DHL Express Global CEO John Mullen today told members of the House Committee on the Judiciary that the company’s proposed union with United Parcel Service for domestic airfreight services is not a violation of U.S. antitrust laws.

“The proposed agreement with UPS, if consummated, would not involve any merger, acquisition or transfer of assets between DHL and UPS,” Mullen said. “It would be a commercial vendor contract for services between two separate companies, limited to DHL’s airlift delivery and certain sorting services in North America. Similar vendor arrangements involving competitors are common in the transportation industry. For these reasons, among others, DHL believes the agreement would be fully consistent with U.S. antitrust laws.”

Deutsche Post, parent company of DHL, announced a major overhaul for its ailing DHL Express business in the U.S. in May — including the proposed 10-year deal with UPS for air uplift.

Providing the deal goes through, DHL will terminate its contracts with current air carriers ABX Air and ASTAR Air Cargo (the former borne from DHL’s acquisition of Airborne Express in 2003), both of which operate out of Wilmington Air Park in Ohio, and will use UPS to handle its domestic and international air shipments within North America.

Parcels will still be picked up by DHL ground crews, but they will be brought to UPS air terminals, will fly on UPS planes, and then DHL will complete delivery on the other end. Deutsche Post says the deal will save DHL about $1 billion a year.

Mullen said the deal with UPS will not decrease competition in any way and emphasized the proposed the contract is a pro-competitive vendor-services agreement for air and related services only.

“DHL would retain complete control over every customer-facing aspect of the business and remain an independent and viable competitor in the U.S. air express delivery sector retaining full control over our ground operations, as we do today,” he said.

Gerard Hempstead, a consultant and former executive at DHL, agrees that the deal with UPS should not be considered a violation of U.S. antitrust laws.

“If DHL tendering its shipments to another airline with which it competes is a violation of antitrust, then the U.S. government will have to send indictments to every air freight forwarder doing business,” he says, pointing out that such deals have been commonplace throughout the history of the parcel business in the U.S.

“Internationally today DHL puts the export parcels on Lufthansa to Europe and Northwest to Asia,” Hempstead says. “For the last 20 years DHL has delivered Purolator’s packages in the USA, as well as TNT’s. Keep in mind that outside the USA the major global competitor to DHL is TNT — not UPS or FedEx.”

“My view is that all that’s happening here is that DHL is going to procure its airport-to-airport service from UPS airways,” he continues. “DHL is still going to compete with UPS. The purchase of the cargo space on the UPS planes is just a means for DHL to move a shippers parcel from airport A to airport B.”

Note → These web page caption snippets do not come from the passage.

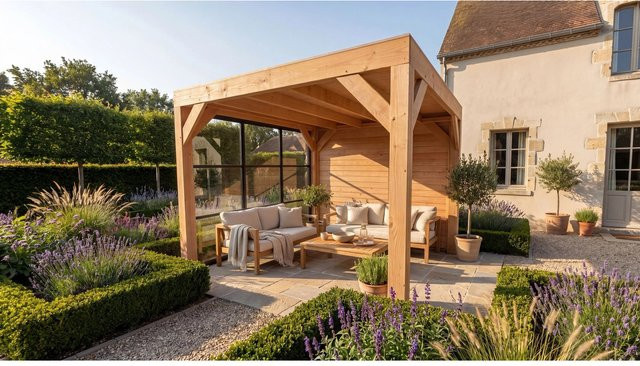 Weka Gartenlaube Lumley Blockhaus mit Holz- und Glaswand in Braun, B/T: 307 x 307 cm - Bild 1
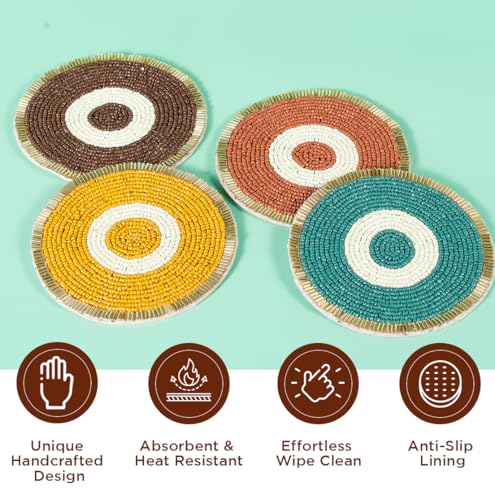 Folkulture Fall Coasters Set of 4 for Drink Non Slip, Easy to Clean - 4 Inch - color: Round Evil Eye Enchanment
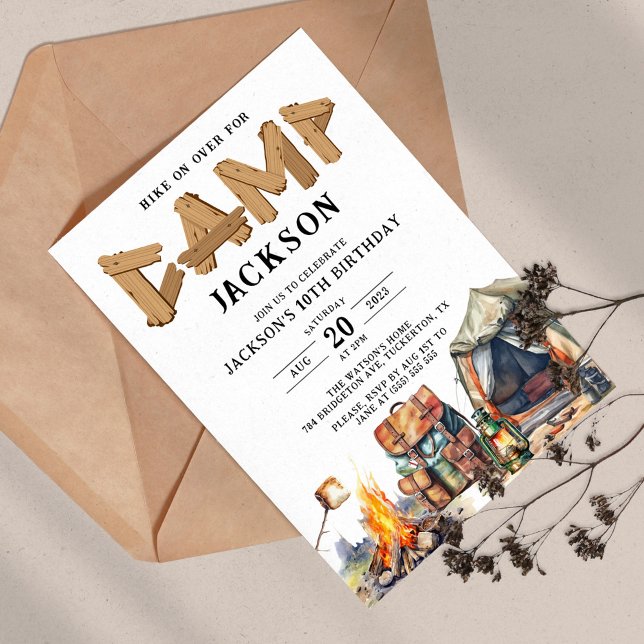 Invitation Rustic Woodland Camping Anniversaire personnalisé (Créateur téléchargé)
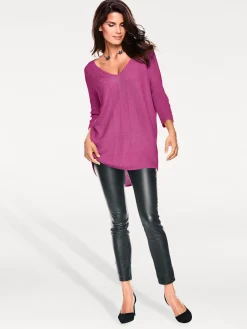 Basics|Pullover|heine V-Ausschnitt-Pullover im Oversized-Schnitt pink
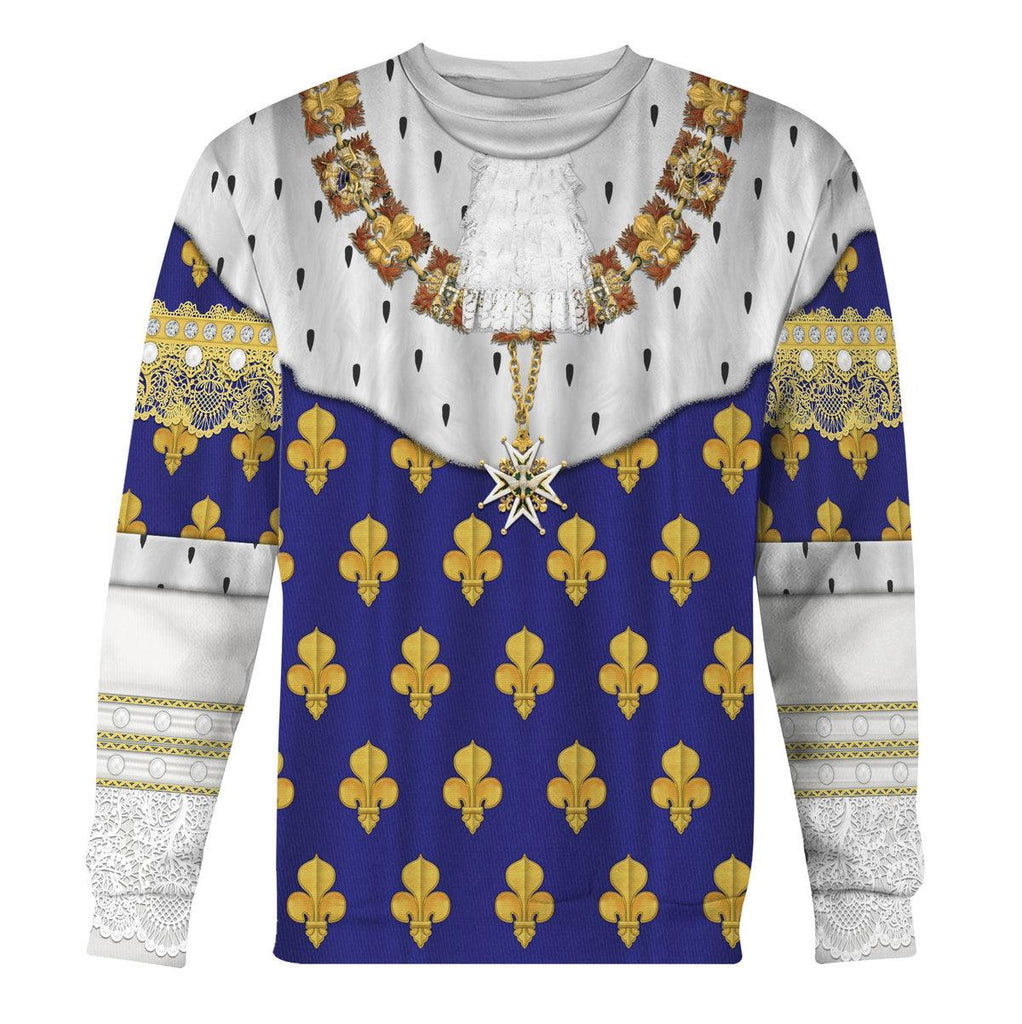 Oodiegang Louis XV of France in Coronation Robes Costume All Over Print Hoodie Sweatshirt T-Shirt Tracksuit - Oodiegang.com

Hempstead says the real irony here is that it was U.S. antitrust law that prevented DHL from flying its customers’ packages on its own planes today.

“DHL would have loved to have had its own airline here in the U.S.,” he says. “It was the legal battle and the political maneuvering of UPS that forced DHL to absolve itself of all airline ownership in this country in 2003 when DHL bought Airborne. Ergo, DHL today does not move a shipper’s packages on any of its own planes. It is forced to give them to ABX Air (the legacy Airborne Airways) and Astar (the legacy DHL airways) — both spun off in 2003 to get the Airborne/DHL merger done.”

The real issue for shippers, Hempstead says, is that now there are only “a few factors that determine pricing competitiveness in the marketplace — excess capacity being one of them.”

“When DHL starts tendering its packages to UPS, there will no longer be excess capacity in the DHL network because they will have to pay for every pound on UPS and that will be a totally variable cost,” he explains. “All excess capacity in the UPS network will be consumed trying to swallow the DHL volumes so they will not have any excess capacity. This will, for at least a year, cause the tightening of pricing — and most likely service issues with UPS and DHL.”

Hempstead says in his view DHL will no longer have the ability to price below UPS for domestic shipments and still earn a profit.

“So for all intents, when the deal is done, the low priced competitor has been eliminated from the game and then the battle in the express wars will be between FedEx and UPS,” he says.

In related news, DHL announced that it will offer $260 million in severance pay and other benefits ($225 million of this voluntarily) to impacted DHL, ABX and ASTAR employees should the UPS deal go through.

DHL has already started consolidating its ground network, so the clock is ticking with regard to its deal with UPS, which it hopes to have finalized before the end of this year.